Öte yandan, milliyetçi ve mütedeyyin kitle açısından karşı kutbu oluşturan CHP de son zamanlarda epeyce değişti. Bir yandan, eski ideolojik dilini ve yaklaşımını yenileyerek toplumun bütün kesimlerine ulaşmaya çalışan, öbür yandan yine bu anlayış çerçevesinde tek başına değil muhalif güçlerle işbirliği içinde iktidar oyunu oynayan bir CHP var bugün karşımızda.
Mamafih siyasi partiler liderlerinden ibaret değil. Bilhassa ana muhalefet partisinin geniş bir “doğal çevresi” var. Bu çevrelerde bazen kraldan fazla kralcılık taslayan birileri parti yönetiminin titizlikle izlediği stratejileri berhava edecek tutumlar takınabiliyorlar. Son zamanlarda CHP medyasında öfkesinden mevcut siyasi aritmetiği bile gözü görmeyen birilerinin Altılı masanın “sağcı” üyelerini hedef alan “Bizim size ihtiyacımız yok” anlamındaki tehditleri gibi…
Bunların yol açtığı sıkıntı giderilmeye çalışılırken şimdi de CHP’nin eski yöneticilerinden Gürsel Tekin’in yaptığı açıklama geldi muhalefet cephesinin önüne. Bu talihsiz açıklamanın yol açtığı tartışma iktidarın beklemekte olduğu “büyük hata”nın kapısını açabilir mi? Epey zamandır muhalif seçmenin zihnine ekilmeye çalışılan kuşku tohumlarını yeşertir mi?
İktidarın eline büyük bir koz verildiği muhakkak olmakla birlikte bu yol kazasının iyi yönetilerek mevcut hasarın tamir edilmesi mümkün. Ancak problemin temelindeki zihniyet yerinde kaldığı sürece başka bir zaman aynı yerden yeni bir kırılma yaşanmayacağının garantisi yok.
Temel problem şu: Kimi muhalif aydınlar ve hatta bazı siyasetçiler HDP konusunda pratik zemini bulunmayan önerilerde bulunuyorlar öteden beri. “Yüzde on küsur oy almış bir parti nasıl iktidar denklemlerinin dışında tutulur” itirazından söz ediyorum. Sistemin dışında kalmanın bizzat bu partinin kendi tercihinin ve iradesinin sonucu olması gerçeği bir yana, ister katılın ister katılmayın, millet çoğunluğunun hassasiyetleri ve bu partiye ilişkin genel yaklaşımı ortada.
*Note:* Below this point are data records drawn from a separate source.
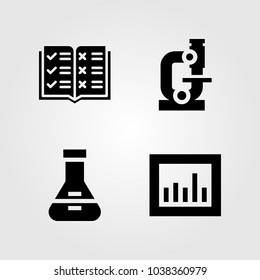Education icons set. Vector illustration flask, analytics, microscope and open book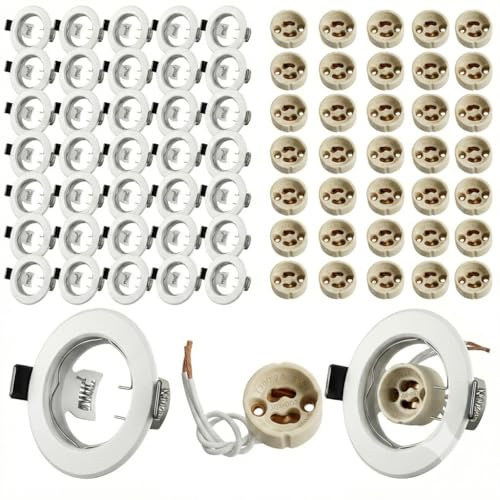 Yiahin Lot de 36 Support Spot Encastrable GU10 Blanc Mat, Cadre de Spot Plafond Rond avec Douilles Céramique, Trou Ø 55-70 mm, Changement d'Ampoule Facile pour Placo, Compatible LED (Sans Ampoule)
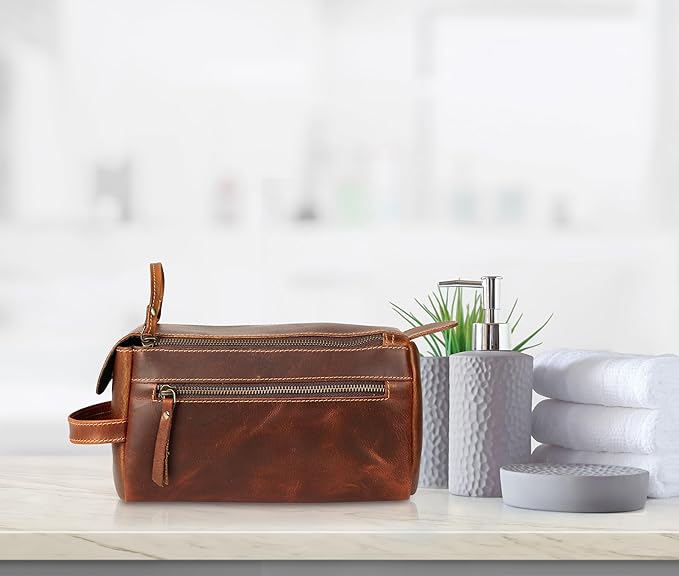 KomalC Premium Buffalo Leather Toiletry Bag - Image 7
Muhalefet partilerinin HDP’yi de aralarına almaları gerektiği savunuluyor ama “Peki, niye hiçbir siyasi parti HDP ile yan yana görünmek istemiyor?” diye sormak nedense akıllara gelmiyor. Şunu unutmayalım: Bugün Türkiye’nin -kabaca rakamlarla- yüzde onu terörle mücadele adı altında devlet adına yapılan yanlışları unutmadığı için HDP’ye oy verirken geri kalan yüzde doksan da PKK’nın döktüğü kanı unutmadığı için bu partiye karşı mesafesini bir türlü kaybetmiyor. Bunun doğru bir yaklaşım olmadığını düşünebilirsiniz elbette. Ama halkın büyük çoğunluğu öyle düşünmediğine göre siyasi öngörülerinizi bu gerçeği gözeterek yapmak zorundasınız.
Peki, muhalefete yöneltilen “HDP oyları olmaksızın seçimi kazanamazsınız” uyarısının bir değeri yok mu? Her vatandaşın oyu değerlidir elbette ama iktidar partilerinin şimdiki oy oranı en iyimser tahminlere göre yüzde otuz beş ile kırk arasında. En iyimser öngörüyü esas alırsak dahi, bu durumda ancak ve ancak HDP tabanının sandıkta bütünüyle Cumhur İttifakına destek vermesi durumunda dengelerin değişmesi belki mümkün olabilir. Ama bu da yalnızca aritmetik olarak mümkün. Pratik siyasette böyle bir imkânın ve ihtimalin olmadığını söylemeye gerek yok. HDP seçmenini bugün Cumhur İttifakına oy vermeye yöneltmek pek kolay bir iş olmasa gerek.
Demek ki altılı masanın kaderini HDP tabanından oy alıp almaması değil, muhalefet cephesini parçalayabilecek bir siyasi deprem belirleyebilir. İktidar da bu ihtimal üzerine yapıyor bütün hesaplarını zaten.